**Problem:** Nothing past the line containing "1/4 Zip Reversible" belongs in the output. Copy exactly every line of the data below from the first up to and including it.

Segment Start: Input records

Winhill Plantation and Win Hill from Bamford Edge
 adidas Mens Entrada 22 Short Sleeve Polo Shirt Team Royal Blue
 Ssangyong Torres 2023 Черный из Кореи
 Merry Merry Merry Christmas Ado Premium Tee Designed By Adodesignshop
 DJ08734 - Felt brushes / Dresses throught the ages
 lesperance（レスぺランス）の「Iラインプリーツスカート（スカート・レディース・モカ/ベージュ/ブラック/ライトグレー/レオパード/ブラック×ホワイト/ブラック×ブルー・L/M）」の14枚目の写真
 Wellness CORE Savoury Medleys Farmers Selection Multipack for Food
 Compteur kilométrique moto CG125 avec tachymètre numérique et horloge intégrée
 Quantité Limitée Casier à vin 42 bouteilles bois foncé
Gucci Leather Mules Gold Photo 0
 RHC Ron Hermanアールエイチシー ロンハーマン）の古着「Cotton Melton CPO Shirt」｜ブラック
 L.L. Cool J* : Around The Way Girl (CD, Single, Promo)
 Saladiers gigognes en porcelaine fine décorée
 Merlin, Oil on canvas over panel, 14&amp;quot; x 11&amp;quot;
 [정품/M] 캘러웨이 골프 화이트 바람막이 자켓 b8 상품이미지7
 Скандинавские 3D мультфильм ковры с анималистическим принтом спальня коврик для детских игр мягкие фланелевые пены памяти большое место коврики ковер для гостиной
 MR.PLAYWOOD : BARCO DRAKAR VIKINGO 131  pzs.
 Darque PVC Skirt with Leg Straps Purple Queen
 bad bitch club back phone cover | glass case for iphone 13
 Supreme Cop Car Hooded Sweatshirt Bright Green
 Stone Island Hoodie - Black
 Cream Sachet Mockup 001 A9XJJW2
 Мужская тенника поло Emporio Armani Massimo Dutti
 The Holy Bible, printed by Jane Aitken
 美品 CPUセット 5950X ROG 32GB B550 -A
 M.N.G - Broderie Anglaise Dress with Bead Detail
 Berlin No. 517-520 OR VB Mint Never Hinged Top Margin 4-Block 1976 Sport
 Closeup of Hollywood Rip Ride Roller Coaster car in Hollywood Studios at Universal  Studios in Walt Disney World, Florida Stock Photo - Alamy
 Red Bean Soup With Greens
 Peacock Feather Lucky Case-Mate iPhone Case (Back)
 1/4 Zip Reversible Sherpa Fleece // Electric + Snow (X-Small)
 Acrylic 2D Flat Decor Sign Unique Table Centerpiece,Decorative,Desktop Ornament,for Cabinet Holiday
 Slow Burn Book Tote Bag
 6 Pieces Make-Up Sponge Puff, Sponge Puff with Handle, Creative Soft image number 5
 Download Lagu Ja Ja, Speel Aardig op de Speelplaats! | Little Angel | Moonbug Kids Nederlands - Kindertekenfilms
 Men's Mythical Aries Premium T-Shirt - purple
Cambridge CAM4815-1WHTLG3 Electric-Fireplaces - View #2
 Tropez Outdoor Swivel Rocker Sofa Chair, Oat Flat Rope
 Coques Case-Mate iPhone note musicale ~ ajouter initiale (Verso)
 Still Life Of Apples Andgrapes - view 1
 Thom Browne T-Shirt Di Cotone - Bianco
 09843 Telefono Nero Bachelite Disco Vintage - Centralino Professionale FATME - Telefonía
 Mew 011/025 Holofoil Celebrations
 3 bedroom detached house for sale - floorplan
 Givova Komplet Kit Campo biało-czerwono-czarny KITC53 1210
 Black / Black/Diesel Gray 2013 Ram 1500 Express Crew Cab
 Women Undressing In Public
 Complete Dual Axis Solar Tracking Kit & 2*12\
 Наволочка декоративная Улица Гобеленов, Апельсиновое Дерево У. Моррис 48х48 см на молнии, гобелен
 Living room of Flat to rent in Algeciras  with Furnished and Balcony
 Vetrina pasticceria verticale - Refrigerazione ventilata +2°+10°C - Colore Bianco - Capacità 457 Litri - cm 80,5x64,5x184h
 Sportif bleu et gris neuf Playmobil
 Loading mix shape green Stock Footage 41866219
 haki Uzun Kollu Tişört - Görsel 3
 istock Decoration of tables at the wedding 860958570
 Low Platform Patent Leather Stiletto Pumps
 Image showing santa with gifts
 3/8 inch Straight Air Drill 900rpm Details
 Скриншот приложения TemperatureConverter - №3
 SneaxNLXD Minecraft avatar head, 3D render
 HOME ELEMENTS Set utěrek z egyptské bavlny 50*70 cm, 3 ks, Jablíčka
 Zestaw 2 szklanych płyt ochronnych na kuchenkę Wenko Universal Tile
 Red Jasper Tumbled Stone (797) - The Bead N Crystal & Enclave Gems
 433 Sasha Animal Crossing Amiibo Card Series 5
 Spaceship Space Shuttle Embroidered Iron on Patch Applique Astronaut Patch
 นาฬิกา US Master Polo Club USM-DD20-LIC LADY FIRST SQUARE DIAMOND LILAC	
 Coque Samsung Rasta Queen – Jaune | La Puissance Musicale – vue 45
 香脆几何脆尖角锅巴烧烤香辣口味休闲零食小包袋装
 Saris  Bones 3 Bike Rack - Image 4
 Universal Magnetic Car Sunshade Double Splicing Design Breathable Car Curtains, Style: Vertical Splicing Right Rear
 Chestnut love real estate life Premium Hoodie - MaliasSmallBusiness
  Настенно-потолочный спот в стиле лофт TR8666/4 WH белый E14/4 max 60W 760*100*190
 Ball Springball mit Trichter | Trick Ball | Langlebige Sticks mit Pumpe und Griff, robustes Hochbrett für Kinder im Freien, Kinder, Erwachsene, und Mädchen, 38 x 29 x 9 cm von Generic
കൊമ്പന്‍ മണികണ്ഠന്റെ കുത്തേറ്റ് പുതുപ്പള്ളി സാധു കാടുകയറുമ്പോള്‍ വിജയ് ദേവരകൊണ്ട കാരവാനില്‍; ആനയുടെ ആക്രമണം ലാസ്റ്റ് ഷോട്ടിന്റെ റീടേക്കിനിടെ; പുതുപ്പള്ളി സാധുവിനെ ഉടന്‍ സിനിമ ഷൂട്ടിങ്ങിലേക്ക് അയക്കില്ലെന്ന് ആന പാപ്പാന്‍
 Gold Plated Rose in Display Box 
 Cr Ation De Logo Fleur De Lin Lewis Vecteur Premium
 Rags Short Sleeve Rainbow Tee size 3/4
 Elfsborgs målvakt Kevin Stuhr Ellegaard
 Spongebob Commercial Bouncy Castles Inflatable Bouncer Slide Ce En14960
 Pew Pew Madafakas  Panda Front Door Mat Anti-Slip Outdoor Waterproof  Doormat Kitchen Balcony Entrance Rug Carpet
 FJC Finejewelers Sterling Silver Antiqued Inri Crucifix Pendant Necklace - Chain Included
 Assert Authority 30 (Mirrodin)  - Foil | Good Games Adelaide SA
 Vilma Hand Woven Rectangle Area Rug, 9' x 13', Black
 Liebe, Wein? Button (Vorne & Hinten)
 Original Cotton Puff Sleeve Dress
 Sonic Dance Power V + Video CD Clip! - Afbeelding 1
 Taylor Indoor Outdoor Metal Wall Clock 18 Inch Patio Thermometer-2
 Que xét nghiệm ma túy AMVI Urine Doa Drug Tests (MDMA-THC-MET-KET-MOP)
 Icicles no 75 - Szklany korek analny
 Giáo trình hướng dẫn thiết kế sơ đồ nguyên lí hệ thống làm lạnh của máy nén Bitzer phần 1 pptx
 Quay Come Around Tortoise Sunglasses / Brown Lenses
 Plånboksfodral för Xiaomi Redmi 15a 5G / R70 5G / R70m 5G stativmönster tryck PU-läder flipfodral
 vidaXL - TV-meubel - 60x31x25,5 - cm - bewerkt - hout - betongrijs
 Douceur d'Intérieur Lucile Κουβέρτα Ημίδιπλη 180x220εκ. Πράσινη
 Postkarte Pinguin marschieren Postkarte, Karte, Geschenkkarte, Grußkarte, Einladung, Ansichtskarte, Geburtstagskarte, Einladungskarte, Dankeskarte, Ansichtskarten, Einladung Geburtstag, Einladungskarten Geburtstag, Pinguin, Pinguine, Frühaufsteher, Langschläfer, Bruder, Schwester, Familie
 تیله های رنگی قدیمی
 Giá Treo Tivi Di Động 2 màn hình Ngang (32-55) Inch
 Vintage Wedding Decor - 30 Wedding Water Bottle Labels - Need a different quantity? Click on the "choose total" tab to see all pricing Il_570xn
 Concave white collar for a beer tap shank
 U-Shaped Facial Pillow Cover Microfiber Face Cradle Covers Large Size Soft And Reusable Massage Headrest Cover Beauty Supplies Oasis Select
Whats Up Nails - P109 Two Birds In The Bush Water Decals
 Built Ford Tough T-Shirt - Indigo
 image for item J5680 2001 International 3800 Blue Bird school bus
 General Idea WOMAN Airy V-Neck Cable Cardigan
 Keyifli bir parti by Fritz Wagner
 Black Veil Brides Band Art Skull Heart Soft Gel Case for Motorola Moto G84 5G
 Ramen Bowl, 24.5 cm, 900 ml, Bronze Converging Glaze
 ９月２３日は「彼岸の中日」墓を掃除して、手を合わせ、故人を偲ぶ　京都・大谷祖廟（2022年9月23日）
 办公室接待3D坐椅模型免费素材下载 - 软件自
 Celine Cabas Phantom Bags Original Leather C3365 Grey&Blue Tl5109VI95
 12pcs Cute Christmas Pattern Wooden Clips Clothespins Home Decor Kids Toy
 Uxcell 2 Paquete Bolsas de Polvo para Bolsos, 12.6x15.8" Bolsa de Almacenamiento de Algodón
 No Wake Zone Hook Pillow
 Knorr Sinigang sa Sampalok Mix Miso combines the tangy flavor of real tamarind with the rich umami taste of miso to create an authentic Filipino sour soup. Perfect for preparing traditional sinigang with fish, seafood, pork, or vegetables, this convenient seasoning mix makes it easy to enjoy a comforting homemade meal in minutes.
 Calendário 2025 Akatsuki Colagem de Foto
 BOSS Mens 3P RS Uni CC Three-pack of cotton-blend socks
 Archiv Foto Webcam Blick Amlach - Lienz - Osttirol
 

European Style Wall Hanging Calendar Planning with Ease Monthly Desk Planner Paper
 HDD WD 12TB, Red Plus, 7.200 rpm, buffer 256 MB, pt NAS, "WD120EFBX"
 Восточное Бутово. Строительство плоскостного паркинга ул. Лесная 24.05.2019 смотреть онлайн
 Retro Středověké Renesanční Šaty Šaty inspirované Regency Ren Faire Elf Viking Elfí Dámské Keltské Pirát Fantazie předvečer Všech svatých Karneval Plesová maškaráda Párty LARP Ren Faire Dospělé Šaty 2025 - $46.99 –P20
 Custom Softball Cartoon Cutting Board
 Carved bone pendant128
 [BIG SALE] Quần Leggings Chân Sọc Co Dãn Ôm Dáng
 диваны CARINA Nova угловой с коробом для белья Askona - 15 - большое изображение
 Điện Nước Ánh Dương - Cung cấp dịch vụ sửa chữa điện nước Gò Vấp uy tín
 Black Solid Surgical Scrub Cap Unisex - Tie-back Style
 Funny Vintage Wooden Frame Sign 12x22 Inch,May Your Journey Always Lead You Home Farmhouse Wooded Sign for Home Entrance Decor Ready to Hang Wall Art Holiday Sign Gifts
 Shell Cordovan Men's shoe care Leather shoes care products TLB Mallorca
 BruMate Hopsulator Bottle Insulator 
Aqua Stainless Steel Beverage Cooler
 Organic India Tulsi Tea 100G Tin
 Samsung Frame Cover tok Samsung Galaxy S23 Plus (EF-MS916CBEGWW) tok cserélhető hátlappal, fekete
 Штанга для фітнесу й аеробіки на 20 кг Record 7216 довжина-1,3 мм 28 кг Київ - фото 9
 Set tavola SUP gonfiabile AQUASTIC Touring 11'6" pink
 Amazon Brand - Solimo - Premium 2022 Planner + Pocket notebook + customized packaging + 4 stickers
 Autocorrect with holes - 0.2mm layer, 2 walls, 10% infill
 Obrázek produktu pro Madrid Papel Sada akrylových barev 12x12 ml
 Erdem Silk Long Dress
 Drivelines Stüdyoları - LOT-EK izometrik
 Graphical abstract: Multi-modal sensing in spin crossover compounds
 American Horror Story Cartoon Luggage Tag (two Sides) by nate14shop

Segment End: Input records

**Solution to this problem:**
Winhill Plantation and Win Hill from Bamford Edge
 adidas Mens Entrada 22 Short Sleeve Polo Shirt Team Royal Blue
 Ssangyong Torres 2023 Черный из Кореи
 Merry Merry Merry Christmas Ado Premium Tee Designed By Adodesignshop
 DJ08734 - Felt brushes / Dresses throught the ages
 lesperance（レスぺランス）の「Iラインプリーツスカート（スカート・レディース・モカ/ベージュ/ブラック/ライトグレー/レオパード/ブラック×ホワイト/ブラック×ブルー・L/M）」の14枚目の写真
 Wellness CORE Savoury Medleys Farmers Selection Multipack for Food
 Compteur kilométrique moto CG125 avec tachymètre numérique et horloge intégrée
 Quantité Limitée Casier à vin 42 bouteilles bois foncé
Gucci Leather Mules Gold Photo 0
 RHC Ron Hermanアールエイチシー ロンハーマン）の古着「Cotton Melton CPO Shirt」｜ブラック
 L.L. Cool J* : Around The Way Girl (CD, Single, Promo)
 Saladiers gigognes en porcelaine fine décorée
 Merlin, Oil on canvas over panel, 14&amp;quot; x 11&amp;quot;
 [정품/M] 캘러웨이 골프 화이트 바람막이 자켓 b8 상품이미지7
 Скандинавские 3D мультфильм ковры с анималистическим принтом спальня коврик для детских игр мягкие фланелевые пены памяти большое место коврики ковер для гостиной
 MR.PLAYWOOD : BARCO DRAKAR VIKINGO 131  pzs.
 Darque PVC Skirt with Leg Straps Purple Queen
 bad bitch club back phone cover | glass case for iphone 13
 Supreme Cop Car Hooded Sweatshirt Bright Green
 Stone Island Hoodie - Black
 Cream Sachet Mockup 001 A9XJJW2
 Мужская тенника поло Emporio Armani Massimo Dutti
 The Holy Bible, printed by Jane Aitken
 美品 CPUセット 5950X ROG 32GB B550 -A
 M.N.G - Broderie Anglaise Dress with Bead Detail
 Berlin No. 517-520 OR VB Mint Never Hinged Top Margin 4-Block 1976 Sport
 Closeup of Hollywood Rip Ride Roller Coaster car in Hollywood Studios at Universal  Studios in Walt Disney World, Florida Stock Photo - Alamy
 Red Bean Soup With Greens
 Peacock Feather Lucky Case-Mate iPhone Case (Back)
 1/4 Zip Reversible Sherpa Fleece // Electric + Snow (X-Small)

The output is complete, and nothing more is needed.